Let $n>1$ be an integer. Find all $r\in \mathbb{R}$ so that the system of equations in real variables $x_1, x_2, \dots, x_n$: \begin{align*} &(r\cdot x_1-x_2)(r\cdot x_1-x_3)\dots (r\cdot x_1-x_n)=\\ =&(r\cdot x_2-x_1)(r\cdot x_2-x_3)\dots (r\cdot x_2-x_n)=\\ &\qquad \qquad \qquad \qquad \vdots \\ =&(r\cdot x_n-x_1)(r\cdot x_n-x_2)\dots (r\cdot x_n-x_{n-1}) \end{align*}has a solution where the numbers $x_1, x_2, \dots, x_n$ are pairwise distinct.

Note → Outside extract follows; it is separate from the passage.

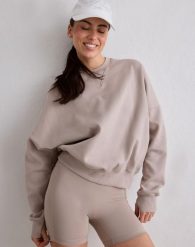 Damska bluza biegowa oddychająca, odprowadzająca wilgoć Le Run ciemna glina. Brązowe bluzy damskie Aim'n, s, bez wzorów, z bawełny, bez ramiączek, bez kaptura. Za 381.00 zł.
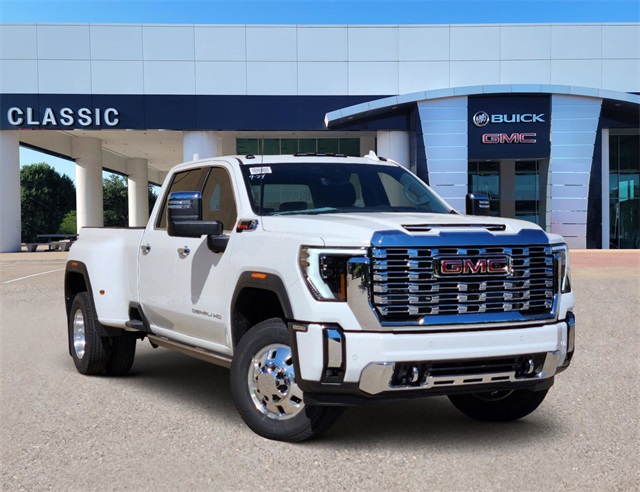 2025 GMC Sierra 3500HD Denali 1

Define a ring in the plane to be the set of points at a distance of at least $r$ and at most $R$ from a specific point $O$, where $r<R$ are positive real numbers. Rings are determined by the three parameters $(O, R, r)$. The area of a ring is labeled $S$. A point in the plane for which both its coordinates are integers is called an integer point. a) For each positive integer $n$, show that there exists a ring not containing any integer point, for which $S>3n$ and $R<2^{2^n}$. b) Show that each ring satisfying $100\cdot R<S^2$ contains an integer point.

In triangle $ABC$, the angle bisectors are $BE$ and $CF$ (where $E, F$ are on the sides of the triangle), and their intersection point is $I$. Point $N$ lies on the circumcircle of $AEF$, and the angle $\angle IAN$ is right. The circumcircle of $AEF$ meets the line $NI$ a second time at the point $L$. Show that the circumcenter of $AIL$ lies on line $BC$.

Bilbo, Gandalf, and Nitzan play the following game. First, Nitzan picks a whole number between $1$ and $2^{2022}$ inclusive and reveals it to Bilbo. Bilbo now compiles a string of length $4044$ built from the three letters $a,b,c$. Nitzan looks at the string, chooses one of the three letters $a,b,c$, and removes from the string all instances of the chosen letter. Only then is the string revealed to Gandalf. He must now guess the number Nitzan chose. Can Bilbo and Gandalf work together and come up with a strategy beforehand that will always allow Gandalf to guess Nitzan's number correctly, no matter how he acts?

Let $f: \mathbb{Z}^2\to \mathbb{R}$ be a function. It is known that for any integer $C$ the four functions of $x$ \[f(x,C), f(C,x), f(x,x+C), f(x, C-x)\]are polynomials of degree at most $100$. Prove that $f$ is equal to a polynomial in two variables and find its maximal possible degree. Remark: The degree of a bivariate polynomial $P(x,y)$ is defined as the maximal value of $i+j$ over all monomials $x^iy^j$ appearing in $P$ with a non-zero coefficient.

Scalene triangle $ABC$ has incenter $I$ and circumcircle $\Omega$ with center $O$. $H$ is the orthocenter of triangle $BIC$, and $T$ is a point on $\Omega$ for which $\angle ATI=90^\circ$. Circle $(AIO)$ intersects line $IH$ again at $X$. Show that the lines $AX, HT$ intersect on $\Omega$.